I can mentally manage the numbers to a certain extent, and can generally get the pulse rate and systolic numbers down to non-catastrophic levels fairly quickly, but I have to work like crazy to get the diastole down. Incidentally, just to make matters clear, it never gets above 85 and never gets even close to the FAA's do-not-pass-go number of 95. But, my ability to control it is often a hit-or-miss thing. I never know if I'm going to be able to make it to work in the office or not. What if I can't?

He doesn't let me get away with anything, but is willing to hold my hand until the numbers go down.

My worrying about it going up makes it go up. So, it takes a very patient, friendly AME to sit around and let me try to calm myself down enough that he sees numbers he knows the FAA will buy off on.

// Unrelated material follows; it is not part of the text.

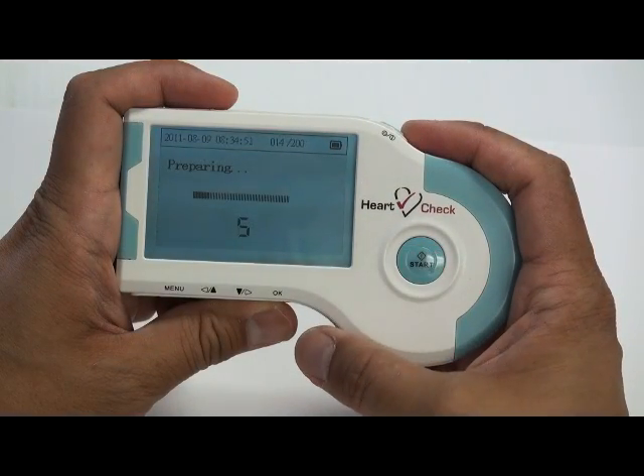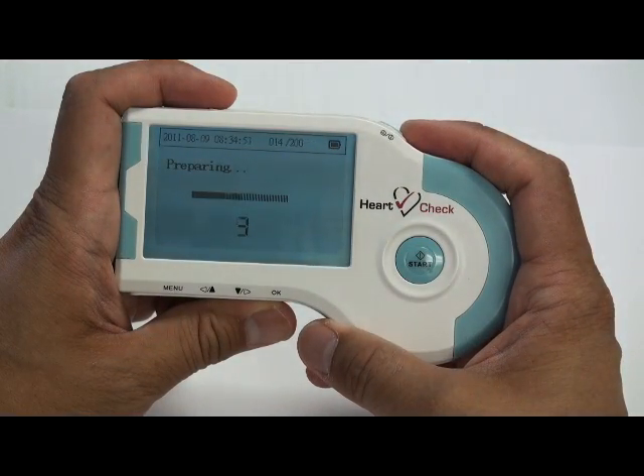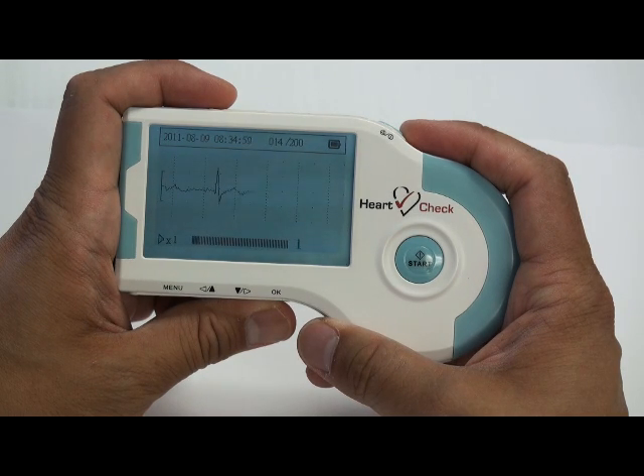After registering with the receptionist, patients will receive the ECG monitor, which is a handheld device able to continuously monitor the heart and to perform a quick 30-second simple heart rhythm analysis.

Hence the trip to Santa Fe, where an ex-student is an AME. He doesn't let me get away with anything, but is willing to hold my hand until the numbers go down. He's a friendly white coat---but, still a white coat.

This is all terribly frustrating. At home, with my magic (and carefully calibrated) BP machine hooked up, I can talk my body into relaxing and get my resting pulse rate down to the high 50s and BP down to 115/70, and keep it there. Even a normal reading, where I just plunk down in a chair and throw the cuff on, never runs higher than 120/74 with a 68 pulse rate. But, give me an official reason to take an official reading with someone official watching, and I can't even come close to controlling it. While I'm in the process of talking to myself, I swear I can actually hear my heart rate accelerating in my ears, and I'm just short of hyperventilating.

Don't you just hate it when your body is listening to some part of your brain over which you have zero control?

Budd Davisson is an aviation writer, photographer and magazine editor. A CFI since 1967, he teaches in his Pitts S–2A.